私としては、まだ40歳前半でしたので、どうすればさらに成長できるのかを考え、その際に出てきた考えが、組織として価値を生みだし発展させることでした。

これまでは私一人の能力で価値を生み、事務所を発展させてきたという面が大きくありました。

ここから、組織として価値を生みだすようにしていかねばならないと思ったのです。



まさに「全員経営」をする組織に成長させるという目標を決めたのです。


そのときに目にとまったのが、本書でした。


本書は野中郁次郎氏の提唱した、組織による知識創造理論としてのSECIモデルや、フロシネス(賢慮)といった経営に必要なリーダーシップ概念、ミドルアップダウン等のフレームワークを、ケーススタディで当てはめて論じていく構成になっています。

その意味では、野中氏の理論をよく読んできた読者であれば、実践としてどうすれば良いのかという勉強になりますし、これまで理論に触れてこなかった方にとっては、ケーススタディにより解説される理論を知る入り口なる本でしょう。


書籍紹介のために、今回この本を読み返して思ったのですが、いかに自分が表面だけ理論をわかっていただけだったなとか思います。

それこそ、本書でいう「修羅場の経験」を踏んで、意味を良く理解できるようになった部分があります。

論語読みの論語知らずという言葉がありますが、自分自身もそうなっていたのかも知れません。


特に「自己組織化には目標と物語に共感する場を作る」という意味は、本当に理解はできていなかったと思います。


この解説は人工衛星のはやぶさのケーススタディで出てきます。



公式、非公式に設定される場というものは、自然にできあがるのではなく、そのような意識をリーダーが持っていなければ、作られないものですね。

そしてそこに「共感」というものがなければ、人は自己組織化ー私の言葉いえば自分事として仕事を考えるというのは、なされないものです。

公認会計士という仕事をしていると数字や理論中心となり、この辺の人情や感情の機微というところに疎くなります。


人は気持ちで動くものですね。


結局、全員経営とはどうすればできるかというは、経営を共感を産む物語にすることなのかも知れません。
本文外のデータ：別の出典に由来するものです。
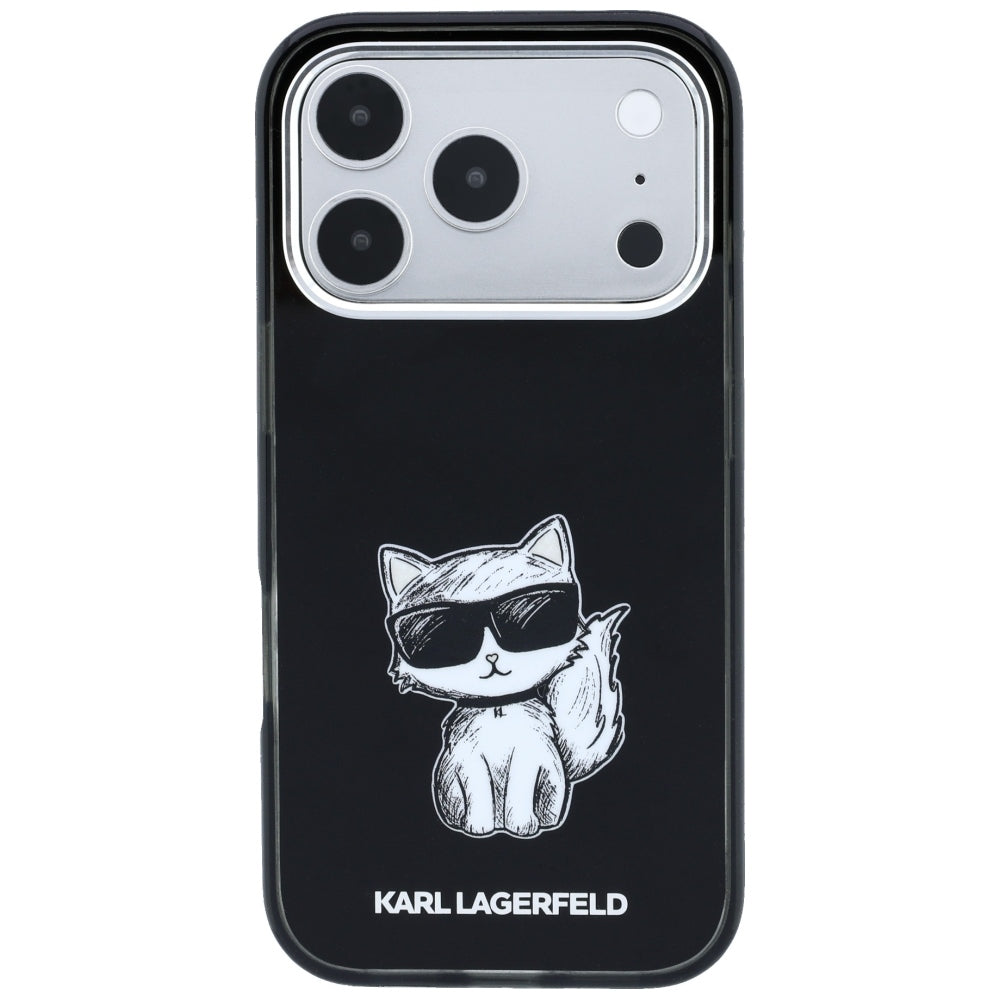 Husa MagSafe pentru Apple iPhone 18 Pro / 17 Pro, Karl Lagerfeld, IML Choupette Body Sketch Print, Neagra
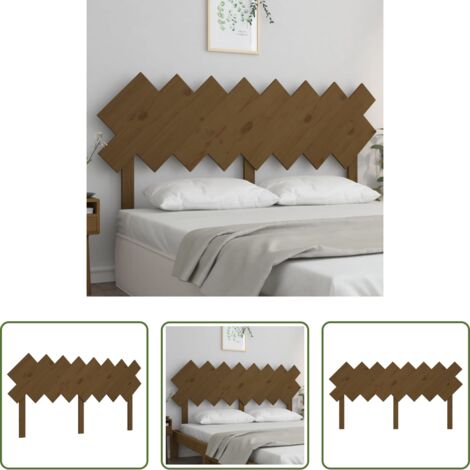 Madera maciza -  Cabecero de cama madera maciza pino marrón miel 159,5x3x80,5 cm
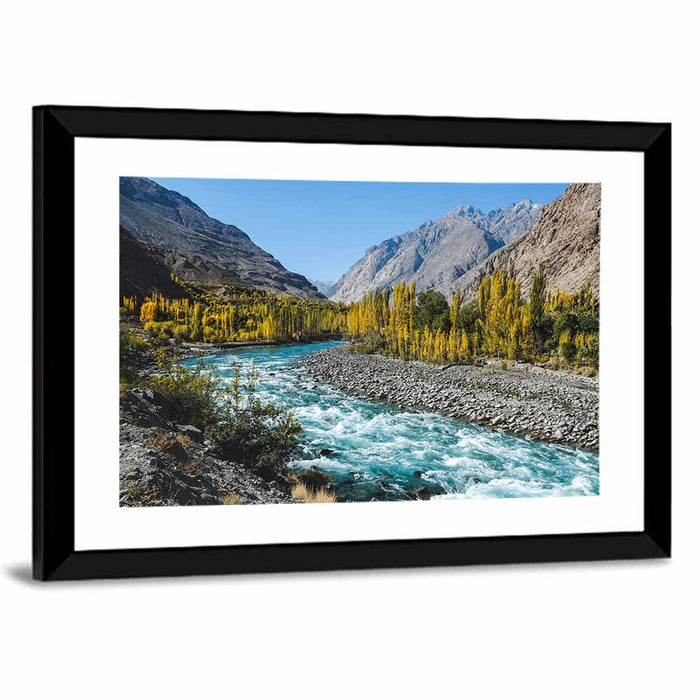 Autumn on the Gilgit River Wall Art as a framed print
そして、リーダーはフロシネスを持ったリーダーシップを発揮して、ストーリーではなくナラティブに物語を語り、場を作り出し実現するのが必要なのでしょう。


野中郁次郎氏の著作は、非常に示唆を与えてくれます。

特に最近、事務所経営をますます組織で行って、発展させていかなければならないと思う事が増えたので、そう思うのかも知れません。